Finding Comfort examines the history of soldiers’ Bibles from 1861 to the present day, but the bulk of the exhibit is dedicated to the Civil War. About half of the thirty six monographs on display are from that conflict. Taking a “Hate the sin; Love the sinner.” approach, the ABS distributed Bibles to both Union and Confederate troops. The logistics of transporting and distributing Bibles to rebels proved difficult however, and the vast majority of the books were given to Union men. There were similar groups in the South that tried to pick up the slack. The Bible Society of the Confederate States of America, for instance, was one such organization that did so. Still, this was not enough. My favorite in the exhibit was a Bible published in England by Oxford University Press for the British and Foreign Bible Society. Copies of these King James Versions of the New Testament were shipped in bulk to the Caribbean to be smuggled into Charleston, South Carolina aboard the blockade runner Minna. The ship, the Bibles, and all the other goods aboard intended for the Southern war effort did not make it. The Minna was overrun by a Union ship on December 6, 1863 and towed into a Federal port.
Most of the Bibles on display are small tomes designed for their lightness during the march and to fit snugly in a soldier’s pocket. Indeed, the story of a Billy Yank saved from death by the Bible carried in his breast pocket is one of the cliches of the war. Finding Comfort is an apt title for the exhibit. The years 1861-65 were indeed difficult times and the ABS provided meaning and comfort throughout the war to hundreds of thousands of men who were scared, far from home, and facing death on a daily basis. Most poignant to me were the photographs and handwritten notes in some of the items.
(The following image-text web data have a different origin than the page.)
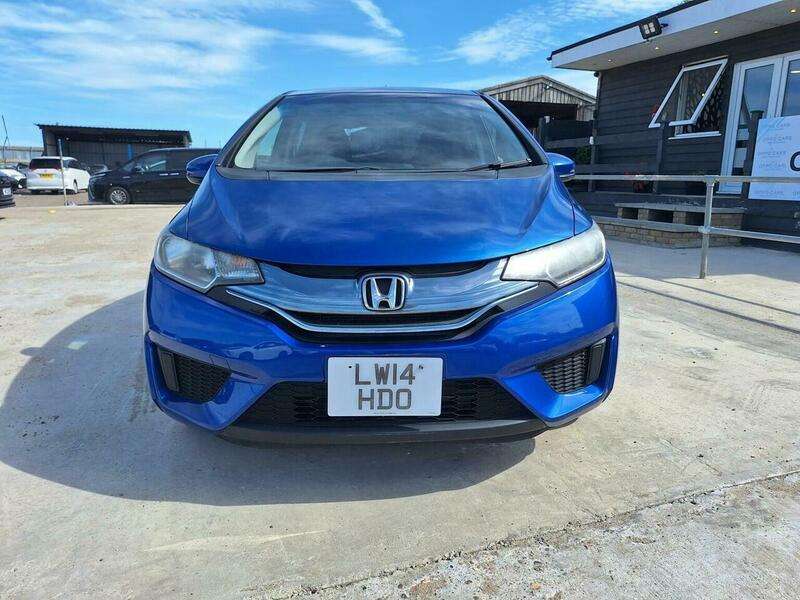 A 2014 HONDA JAZZ 1.4 i-VTEC ES-T A 2014 HONDA JAZZ 1.4 i-VTEC ES-T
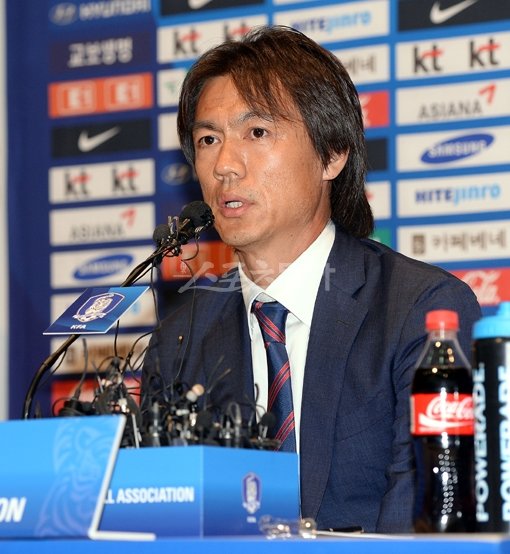 회장단 회의에서 차기 축구대표팀 감독으로 선임된 홍명보 신임 감독이 25일 오후 NFC(파주트레이닝센터)에서 취임 기자회견을 가졌다. 홍명보 신임 감독이 기자들의 질문에 답하고 있다. 파주｜김종원기자 won@donga.com 트위터@beanjjun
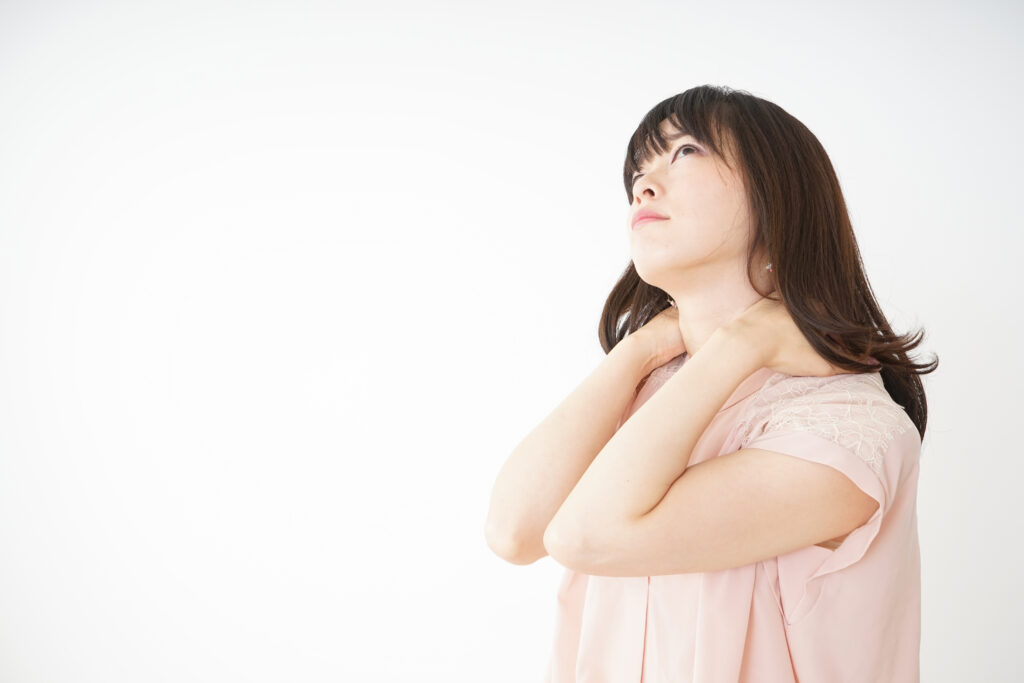 簡単にできる首こりストレッチ！寝ながらできてスッキリ-2
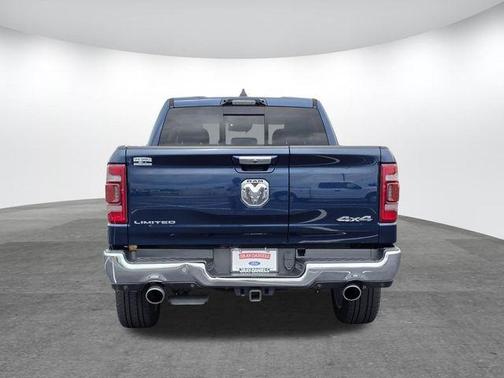Patriot Blue Pearlcoat 2022 RAM 1500 Limited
It is always jarring to me to walk into a museum off the street, examine the personal items of individuals like these in solitude, and walk back into the cacaphony of the city. It is like being in on a secret that those around me are not aware. The exhibit is small, but worth seeing. A good way to do it is the way I did today: catching the show and then having a walk in nearby Central Park.
The Civil War is better than football. It is the real life story of people not very different from us who did extraordinary things under the most trying circumstances. Not a bad way to spend Lincoln’s Birthday.